I was always skinny. So skinny, in fact, that when I was a little girl, my dad would lightheartedly tease me, by calling me "Lucky Legs" ("they're so spindly, you're lucky they don't break"). I was that girl who, during my teens, could eat my body weight in pizza, chips, ice cream and anything else you care to mention, without putting on a single pound. I was a UK size 8-10. I was decidedly slim and as far as I was concerned, I was just lucky enough to stay that way.
Of course, age has this nasty little surprise up its sleeve. "Middle age spread" is not a brand of margarine for people in their late 30s, unfortunately. And as I progressed from my teens to my twenties and now into my thirties, there's absolutely no doubt that I can't eat whatever I like without gaining weight.
But damnit, it tasted goooooooood.
I'm still a UK size 10, just. But I'm at that point where I own precisely no pairs of jeans in a size 10 that fit comfortably. See, when I gain weight, it seems to go to just one place: right on my tummy. I end up with a pot-belly that makes me look as though I'm about 5-6 months pregnant. But there's no baby in there. Just a heck of a lot of cake.
Now, granted, I'm normally the first person to moan about women who are only a size 10, but who insist on weeping and wailing about how "fat" they are. But recently, I made the fatal mistake of googling what my ideal weight is for my height.
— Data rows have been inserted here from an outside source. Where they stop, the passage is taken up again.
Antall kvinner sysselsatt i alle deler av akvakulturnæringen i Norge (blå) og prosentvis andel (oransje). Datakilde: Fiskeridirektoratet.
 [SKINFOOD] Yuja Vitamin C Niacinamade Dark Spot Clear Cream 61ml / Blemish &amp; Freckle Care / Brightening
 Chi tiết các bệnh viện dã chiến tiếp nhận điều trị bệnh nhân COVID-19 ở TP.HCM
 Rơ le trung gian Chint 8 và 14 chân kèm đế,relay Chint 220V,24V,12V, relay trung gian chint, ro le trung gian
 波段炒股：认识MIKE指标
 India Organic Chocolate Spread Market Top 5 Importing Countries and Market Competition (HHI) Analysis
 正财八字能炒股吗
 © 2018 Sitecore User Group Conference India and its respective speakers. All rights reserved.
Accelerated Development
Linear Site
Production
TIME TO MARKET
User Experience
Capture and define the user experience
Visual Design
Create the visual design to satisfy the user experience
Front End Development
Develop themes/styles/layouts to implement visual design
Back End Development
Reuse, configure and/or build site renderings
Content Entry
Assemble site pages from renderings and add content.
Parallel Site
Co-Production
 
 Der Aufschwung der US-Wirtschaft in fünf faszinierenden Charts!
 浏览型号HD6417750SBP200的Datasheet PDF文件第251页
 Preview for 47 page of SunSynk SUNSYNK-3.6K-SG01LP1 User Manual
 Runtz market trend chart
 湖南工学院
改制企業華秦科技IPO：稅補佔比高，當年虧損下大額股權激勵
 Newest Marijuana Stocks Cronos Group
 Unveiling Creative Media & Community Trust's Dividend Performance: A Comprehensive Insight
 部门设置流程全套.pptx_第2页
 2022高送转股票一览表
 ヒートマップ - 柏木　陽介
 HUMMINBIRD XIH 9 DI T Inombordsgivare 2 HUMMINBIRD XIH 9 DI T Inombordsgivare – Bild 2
I'm only 5'0", so I knew in advance that it was probably going to be below my actual weight. What I didn't expect - and what I was horrified to discover - was that I was not far off a whole stone overweight.
For the love of GOD woman, order a salad.
Annoyingly, my gut-reaction (pun only slightly intended) to feeling porky is to comfort eat. Frankly, when Kate Moss said "nothing tastes as good as skinny feels," I just assume she's been going to the wrong restaurants her entire life.
I'm a foodie. I don't see food as just a fuel we need in order to live; I see it as a joy of life. Something to savour. My grandfather was a pastry chef and cooking is in my blood. I love experimenting with flavours, trying things I've never eaten before and using food as a social experience with friends and family. I also have one heck of a sweet tooth.
Doughnuts the size of my HEAD. That's how much of a sweet tooth I have.
But I also love clothes. I love pretty dresses and skirts. And when I try things on and discover that they're not fitting correctly anymore - or aren't fitting at all - that makes me feel lousy. I can't afford to entirely update my wardrobe with clothes a size up, so that leaves me with only one option. And that brings me to the point of writing this blog.
It's out there, now. Short of taking a photo of my ever-increasing pot-belly and plastering it all over the Internet, this is as close as I can get to baring myself online and saying I need to do something about it. Let's not forget that I also suffer from chronic asthma and any weight gain is bad news for my breathing. So, I have more than simply aesthetic reasons for wanting to slim down a little and get back into shape. By writing this blog, I've now made a promise to myself to stop eating like a pig (at least all the time - I'm sure as hell not denying myself forever!) and to try to exercise a bit more (a feat not made any easier by the aforementioned asthma...). I don't think I need to lose the whole stone. I don't believe everything I read online and nor do I have any desire to become super-skinny again. But I do want to be healthier and to be able to fit into my clothes without having to lie down and breathe in, just to do up a zip.
I'm aiming for around 7lbs. If I can shave that off, I'll be pretty pleased. I might post updates as to how I'm getting along, now and then, but not too frequently, because let's face it, that would be dull. Nobody tunes in to read about my wobbly bits. Not as far as I know, anyway...
So, here I am - a greedy foodie trying to lose half a stone. Wish me luck!